A thermal energy storage (TES) device is a system that stores energy in the form of heat for later use. The concept of thermal storage is not novel and has been applied in the steel making industry for a long time. TES can be used to store energy, in the form of heat, in industrial process and space heating / cooling applications without the need to convert it back to electricity.

TES devices typically consist of an insulated container or tank that is filled with a storage material that can absorb and release heat energy. The material used for the storage medium can be a solid, liquid or gas.

During the charging phase, the TES device absorbs thermal energy from a source such as the electricity grid, waste energy from industrial or solar collectors. The stored energy can then be used when needed during the discharge phase to provide heating or cooling, or to generate electricity.

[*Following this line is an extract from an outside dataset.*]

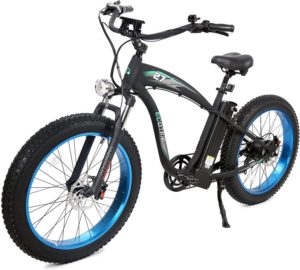 ECOTRIC Powerful Fat Tire Electric Bicycle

Solar generation is typically high during the day and wind more commonly at night. Due to its inherent intermittency, renewable energy availability can cause higher price fluctuations in local electricity markets. Energy storage devices allow us to buy energy when prices are low and use them when we’d otherwise have to purchase at a high price. This is increasingly important as we bring more renewable energy onto the grid, and price fluctuations increase. In order to use effectively and economically expand clean generation to allow for 24/7 usage, we desperately need storage.

We throw away a very valuable resource. Without grid-scale storage, generators are forced to curtail their resources when they are producing more power than the grid can handle. By curtailing, we are literally throwing away “free” energy and significantly reducing returns on renewable capital investments.

Lithium-ion batteries are considerably more expensive than TES systems. TES systems rely on inexpensive raw materials and can scale for large industrial use better than lithium-ion. Additionally, TES devices have a lower environmental impact than lithium-ion batteries, which require the mining and processing of rare earth metals. Using Li-ion in the industry also has its limitations as electric boilers can only go up to ~800°C, a significant portion of industrial heat requirement is above this threshold.

Thermal energy systems often exist in parallel with existing fossil fuel systems due to their nascency. The TES system provides heat, typically in the form of steam, in the same way that a traditional boiler would. As trust in technology improves, TES systems could replace traditional boilers entirely.

The TES system provides heat within a broad range of temperatures that can reach up to 1000°C. Heat can be stored at high temperatures then brought down to industrial process specific temperatures.

A variety of companies across the globe have begun designing and now piloting thermal storage devices. By our count there are over ~35 companies making large TES solutions.